5 keys to robust data analysis
Lines of incomprehensible data flow across the screen. The more you try and decipher what it means, the more panicked you become. Your finance team has given you a mountain of data and your executives expect you to tell a story. However, you don’t know what it means and you aren’t sure where to start.
Below, you will find 5 guiding principles for taking the intimidation out of data analysis. These principles will make your data analysis comprehensive, relevant, and applicable to any problem you are solving.
1. Define the Story You Want to Tell
Think of the data you pull akin to the main characters of your favorite novel. Without a plot, the characters are only static beings that are not relevant to anyone or anything. Imagine reading The Lord of the Rings without knowing that the Ring holds great and mysterious power. We would think it ludicrous that Frodo is risking everything for something of seemingly little value.
It is the same with data analysis. Columns and rows upon rows of values are simply just that- rows and columns. In order to drive meaning and insight, we need the story. The story will provide support for the initial hypotheses and will allow you to target your effort. This can usually be framed within an overriding question. For example, “Which of my partners are causing the greatest amount of developers to create the highest quality apps?”

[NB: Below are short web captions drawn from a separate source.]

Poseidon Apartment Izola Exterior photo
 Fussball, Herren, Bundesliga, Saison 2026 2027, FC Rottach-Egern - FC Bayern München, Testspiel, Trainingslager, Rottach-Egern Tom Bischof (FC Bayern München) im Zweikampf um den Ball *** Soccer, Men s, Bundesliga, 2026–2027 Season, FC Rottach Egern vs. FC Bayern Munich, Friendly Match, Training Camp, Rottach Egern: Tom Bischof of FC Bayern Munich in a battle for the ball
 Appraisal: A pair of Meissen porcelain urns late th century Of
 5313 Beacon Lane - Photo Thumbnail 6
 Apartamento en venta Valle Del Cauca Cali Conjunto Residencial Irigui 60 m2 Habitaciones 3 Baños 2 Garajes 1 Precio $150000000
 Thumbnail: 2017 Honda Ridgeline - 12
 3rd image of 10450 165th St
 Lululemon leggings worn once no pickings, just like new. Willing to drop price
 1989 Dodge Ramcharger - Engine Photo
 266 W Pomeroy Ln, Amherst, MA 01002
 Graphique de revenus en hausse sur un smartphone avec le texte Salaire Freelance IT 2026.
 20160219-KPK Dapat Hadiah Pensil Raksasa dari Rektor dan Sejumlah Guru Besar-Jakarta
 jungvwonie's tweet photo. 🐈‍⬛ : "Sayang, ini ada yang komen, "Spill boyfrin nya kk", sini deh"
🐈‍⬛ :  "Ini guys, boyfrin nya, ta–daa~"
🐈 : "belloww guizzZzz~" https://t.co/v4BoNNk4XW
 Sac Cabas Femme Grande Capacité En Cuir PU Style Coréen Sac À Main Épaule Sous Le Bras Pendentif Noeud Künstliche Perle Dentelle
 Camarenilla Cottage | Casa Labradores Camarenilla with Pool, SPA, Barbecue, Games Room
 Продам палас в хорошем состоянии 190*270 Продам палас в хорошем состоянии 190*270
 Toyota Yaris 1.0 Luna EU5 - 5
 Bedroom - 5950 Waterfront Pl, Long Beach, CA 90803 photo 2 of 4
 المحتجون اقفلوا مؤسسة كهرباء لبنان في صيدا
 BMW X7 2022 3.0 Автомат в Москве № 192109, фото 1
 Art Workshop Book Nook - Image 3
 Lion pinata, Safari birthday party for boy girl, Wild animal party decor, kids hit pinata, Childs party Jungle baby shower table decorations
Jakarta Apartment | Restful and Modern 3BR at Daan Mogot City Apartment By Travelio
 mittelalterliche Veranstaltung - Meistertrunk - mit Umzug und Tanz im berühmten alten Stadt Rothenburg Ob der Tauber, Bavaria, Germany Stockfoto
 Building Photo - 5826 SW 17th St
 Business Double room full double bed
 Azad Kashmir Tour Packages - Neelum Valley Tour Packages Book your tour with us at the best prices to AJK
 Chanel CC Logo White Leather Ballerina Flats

If we pull specific data in an effort to answer a clearly worded question, we can drive to insight. Once that data is collected, we can ask the follow up questions, “What are these partners doing to achieve such success?” And finally, “How can we leverage this knowledge?”
Knowing the story the data is meant to tell paves the way for application and ultimately process improvement.
2. Verify the Credibility of the Source
Ensure the data is accurate and complete. There are two ways. The first is to go directly to the actual source of the data.
Have you ever played the game of telephone? It is pretty much a guarantee that the last person in the circle will receive a message that is totally different than the one initially passed on by the first person.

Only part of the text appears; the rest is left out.